Antes fosse a inflação nossa principal algoz, como em épocas anteriores. Afinal, essa sabemos combater
“Coronel Felisberto não era só rabugento. Se fosse só rabugento, vá; mas ele era também mau, deleitava-se com a dor e a humilhação dos outros.” Os coronéis da velha política brasileira não são só egoístas. Fossem só egoístas, vá; mas são também maus, deleitam-se com a dor e a humilhação dos outros. Não há conflito de interesse que não possam superar por meio do convencimento de que nesse mundo peculiar chamado Brasil não há divisórias a separar o que pode e o que não pode.

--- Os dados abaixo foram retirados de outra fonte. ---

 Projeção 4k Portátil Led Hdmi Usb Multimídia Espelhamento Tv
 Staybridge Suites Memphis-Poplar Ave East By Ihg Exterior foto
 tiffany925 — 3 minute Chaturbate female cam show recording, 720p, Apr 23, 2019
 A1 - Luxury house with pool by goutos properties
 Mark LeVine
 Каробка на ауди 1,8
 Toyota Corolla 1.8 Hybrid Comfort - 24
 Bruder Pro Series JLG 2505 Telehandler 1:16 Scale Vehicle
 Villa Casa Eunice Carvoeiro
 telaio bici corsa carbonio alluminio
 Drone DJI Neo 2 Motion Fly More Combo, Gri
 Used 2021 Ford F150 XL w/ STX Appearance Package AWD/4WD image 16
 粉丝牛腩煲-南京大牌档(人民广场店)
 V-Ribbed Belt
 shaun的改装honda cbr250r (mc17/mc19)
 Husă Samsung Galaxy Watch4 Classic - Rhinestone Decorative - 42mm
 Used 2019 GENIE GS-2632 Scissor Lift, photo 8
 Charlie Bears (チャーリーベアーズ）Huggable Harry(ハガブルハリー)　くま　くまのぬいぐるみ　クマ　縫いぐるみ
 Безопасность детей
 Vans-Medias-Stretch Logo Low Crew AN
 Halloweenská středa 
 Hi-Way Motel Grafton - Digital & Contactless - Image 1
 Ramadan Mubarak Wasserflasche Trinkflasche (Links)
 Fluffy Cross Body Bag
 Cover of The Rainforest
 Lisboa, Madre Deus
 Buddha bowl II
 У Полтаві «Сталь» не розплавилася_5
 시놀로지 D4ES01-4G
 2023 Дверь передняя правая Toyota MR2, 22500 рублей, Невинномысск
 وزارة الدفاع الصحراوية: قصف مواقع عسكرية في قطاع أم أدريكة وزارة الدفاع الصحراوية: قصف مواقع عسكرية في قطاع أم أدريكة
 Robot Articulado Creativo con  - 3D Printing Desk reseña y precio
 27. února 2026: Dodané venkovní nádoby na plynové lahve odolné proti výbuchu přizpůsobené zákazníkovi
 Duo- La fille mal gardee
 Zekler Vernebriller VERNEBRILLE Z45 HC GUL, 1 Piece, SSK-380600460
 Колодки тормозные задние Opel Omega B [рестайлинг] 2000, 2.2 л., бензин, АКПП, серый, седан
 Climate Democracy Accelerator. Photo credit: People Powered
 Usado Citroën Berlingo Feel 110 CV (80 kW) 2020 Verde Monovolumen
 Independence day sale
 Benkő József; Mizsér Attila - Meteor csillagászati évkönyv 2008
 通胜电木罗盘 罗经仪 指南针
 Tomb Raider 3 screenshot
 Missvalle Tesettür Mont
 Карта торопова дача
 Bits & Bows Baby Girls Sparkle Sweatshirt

O Procópio de Machado de Assis até que tentou. Conflitado por receber dinheiro de personalidade demasiado tóxica, demitiu-se não uma, mas algumas vezes. Mas Felisberto roubou-lhe as forças. Por fim, lá ficou como o enfermeiro do coronel, sujeitando-se a todo tipo de humilhação. Até o dia em que, tomado de raiva e ressentimento, estrangulou o enfermo. Crime mais que perfeito, visto que Felisberto sofria de aneurisma. Procópio o enfermeiro recebeu em testamento toda a sua fortuna. E eis que o conflito evaporou-se. Procópio não matara o coronel com suas mãos, as moléstias o fizeram – “a verdade é que devia morrer”.
Os enfermeiros do governo Temer, todos os homens do presidente, tentam emular o comportamento de Procópio. São os enfermeiros da economia que por ela zelam, enquanto o país sofre abuso atrás de abuso de todos os que não sabem distinguir as linhas que demarcam conflitos de interesse de naturezas mais diversas.
O presidente que utiliza cadeia nacional para fazer defesa em causa própria com dinheiro do contribuinte – tal qual a antecessora –, que usa os advogados da União para montar sua defesa. Juízes de tribunais superiores que criam controvérsias e constrangem o Poder Judiciário ao fazer pronunciamentos duros a respeito da Operação Lava Jato. Relatores da reforma trabalhista investigados pelo STF por envolvimento em empresa terceirizada que coagia funcionários demitidos a renunciar às verbas rescisórias e a devolver a multa do FGTS. Partidos da base governista que não sabem o que fazer, já que alguns de seus mais proeminentes políticos podem estar prestes a ver o sol nascer quadrado.
Todos justificam suas posturas como Procópios do autoengano: recusam-se a enxergar em seus atos os conflitos. Usam como justificativa a proteção à enfermaria da economia. Já não se pode criticar alguns enfermeiros da equipe econômica sob o risco de tornar-se traidor da pátria.
A inflação brasileira está em 3,6%, a perspectiva é de que continue a cair. Com seu tecnicismo competente, o Banco Central conseguiu alcançar o Santo Graal do regime de metas, a ancoragem das expectativas. Ainda que a queda inflacionária seja também resultado das moléstias econômicas que assolam o país, não há dúvida de que preços que sobem mais lentamente seja algo bom.
Antes fosse a inflação nossa principal algoz, como em épocas anteriores. Afinal, essa sabemos combater. Infelizmente, o Banco Central não é nem Procópio nem Felisberto, nem protagonista nem coadjuvante. Muito menos a última trincheira contra a sanha populista que ainda assombra o Brasil, como parecem pensar alguns. Mantenhamos a mansidão com o Banco Central. Ele está apenas fazendo o seu trabalho, o que é muita coisa nesse Brasil atormentado.
Mas, e o Ministério da Fazenda? Qual a sua responsabilidade em relação à queda contínua da arrecadação? Qual a sua responsabilidade em não ter, quando podia tê-lo feito, exigido a reversão completa de todas as desonerações atabalhoadas de Dilma? Qual a sua responsabilidade em não ter conseguido frear os piores instintos perdulários do presidente cercado de dúvidas sobre sua idoneidade a quem servem? Até que ponto é possível autojustificar a permanência no governo manchado de Michel Temer em prol do país?
São apenas perguntas. Perguntas que deveriam incomodar mais do que incomodam, que deveriam forçar reflexão sobre o país que queremos ter. país com regras e governança, onde Procópio o enfermeiro não vira impunemente Procópio o assassino, ou o país do século 19 tão bem descrito por Machado de Assis? Por enquanto, tudo o que temos é a lápide brasileira: “Bem-aventurados os que possuem, porque eles serão consolados”.